Stark soutient que des choses telles que les compensations de carbone ou les tournées utilisant des énergies renouvelables peuvent rendre les voyages plus respectueux de l'environnement et de l'éthique. Elle dit que les compensations de carbone, si achetées via une source fiable, peuvent offrir aux voyageurs un moyen efficace d'atténuer certaines des émissions de gaz à effet de serre générées par leurs voyages. Et certaines excursions font en sorte que les voyageurs n'aient plus aucune émission de carbone à compenser: Alaska Coach Tours, qui emmène les touristes en excursion sur le glacier de Mendenhall, a commencé à tester des bus électriques afin de rendre leurs excursions plus durables. (Cela ne tient toujours pas compte de son arrivée en Alaska.)
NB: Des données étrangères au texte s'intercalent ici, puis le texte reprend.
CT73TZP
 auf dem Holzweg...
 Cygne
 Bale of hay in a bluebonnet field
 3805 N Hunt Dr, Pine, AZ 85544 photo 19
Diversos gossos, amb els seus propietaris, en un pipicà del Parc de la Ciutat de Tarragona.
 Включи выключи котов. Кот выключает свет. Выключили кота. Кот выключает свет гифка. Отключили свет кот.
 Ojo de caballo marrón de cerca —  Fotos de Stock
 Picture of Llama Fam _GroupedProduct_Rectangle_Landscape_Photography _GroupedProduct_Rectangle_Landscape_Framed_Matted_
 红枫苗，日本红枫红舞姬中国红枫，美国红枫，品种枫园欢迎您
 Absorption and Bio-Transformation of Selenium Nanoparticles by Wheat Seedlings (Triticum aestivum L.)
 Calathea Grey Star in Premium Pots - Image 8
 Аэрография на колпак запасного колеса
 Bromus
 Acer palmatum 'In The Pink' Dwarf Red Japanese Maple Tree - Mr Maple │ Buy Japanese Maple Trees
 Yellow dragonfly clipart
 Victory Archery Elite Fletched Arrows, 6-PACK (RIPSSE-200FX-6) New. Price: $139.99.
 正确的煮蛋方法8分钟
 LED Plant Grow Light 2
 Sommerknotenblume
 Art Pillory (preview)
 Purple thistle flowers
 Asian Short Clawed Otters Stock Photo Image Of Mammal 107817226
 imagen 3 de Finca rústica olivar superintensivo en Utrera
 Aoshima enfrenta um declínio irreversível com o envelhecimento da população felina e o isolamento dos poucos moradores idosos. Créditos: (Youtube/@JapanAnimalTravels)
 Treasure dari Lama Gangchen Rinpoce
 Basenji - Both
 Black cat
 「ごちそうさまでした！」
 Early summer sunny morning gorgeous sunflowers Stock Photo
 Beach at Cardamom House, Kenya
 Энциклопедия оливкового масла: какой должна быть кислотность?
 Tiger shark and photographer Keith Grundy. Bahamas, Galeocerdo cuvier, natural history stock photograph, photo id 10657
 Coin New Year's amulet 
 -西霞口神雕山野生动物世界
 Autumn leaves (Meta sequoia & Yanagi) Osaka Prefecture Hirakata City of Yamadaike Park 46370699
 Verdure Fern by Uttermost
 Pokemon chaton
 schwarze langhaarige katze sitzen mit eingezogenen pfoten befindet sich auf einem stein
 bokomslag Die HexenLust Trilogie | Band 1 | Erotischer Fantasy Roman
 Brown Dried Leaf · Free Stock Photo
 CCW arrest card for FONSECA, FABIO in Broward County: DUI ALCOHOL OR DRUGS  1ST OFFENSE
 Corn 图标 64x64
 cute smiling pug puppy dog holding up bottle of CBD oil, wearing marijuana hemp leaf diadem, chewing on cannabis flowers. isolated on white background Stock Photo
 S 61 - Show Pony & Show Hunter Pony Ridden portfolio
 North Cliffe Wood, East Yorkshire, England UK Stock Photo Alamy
Tous les opérateurs de circuits ne sont pas créés égaux. Des groupes tels que la société Audubon proposent des visites guidées visant à enseigner aux voyageurs l'importance de la conservation et de la gérance de l'environnement. Grâce à leurs programmes d'écotourisme, ils ont été en mesure de financer une série de programmes de conservation, notamment en aidant à transformer les Bahamas en habitat de refuge essentiel pour les oiseaux et en formant des parcs nationaux, ou à former des guides d'oiseaux à Belize pour contribuer à l'économie touristique locale. La Basecamp Foundation est spécialisée dans la promotion du tourisme durable dans les zones sensibles, comme dans la réserve kenyane Mara Naboisho, qui abrite des troupeaux d'éléphants et l'une des populations de lions les plus denses du monde.
«Il y a quelque chose de précieux à avoir cette expérience directe et immédiate», dit Stark. "Si c'est éducatif, s'il est écologique, s'il est durable, je pense que cela me semble moralement acceptable."
Cependant, comme pour la plupart des questions éthiques, ce qui rend un voyage moralement acceptable moralement acceptable ou scandaleux est ouvert à l'interprétation. De l'avis de Green, un voyage devient éthiquement intenable si les dommages causés par le voyageur, ou le voyage lui-même, sont pires que ceux causés par le changement climatique. Pour Stark, la ligne vient quand un endroit a été tellement compromis par le changement climatique que les dégâts sont irréversibles. Dans ce cas, affirme-t-elle, la valeur inévitable de la destruction l'emporte sur l'expérience.
Dans l’ensemble, les émissions dues aux déplacements peuvent sembler minimes par rapport à des pollueurs notoires comme l’industrie et l’énergie; le secteur de l'aviation ne représente que 2% des émissions mondiales, contre 35% de l'énergie et 21% de l'industrie. Mais pour les personnes qui voyagent fréquemment, explique Stark, le fait de choisir les voyages qu’elles choisissent peut avoir un impact significatif sur leur empreinte carbone.
«Chaque molécule de dioxyde de carbone ou de méthane que nous gardons hors de l'atmosphère est une bonne chose», déclare Stark. «Vous n'avez pas à penser à grande échelle. Vous pouvez simplement penser à une plus petite échelle et à ce qui est possible pour vous.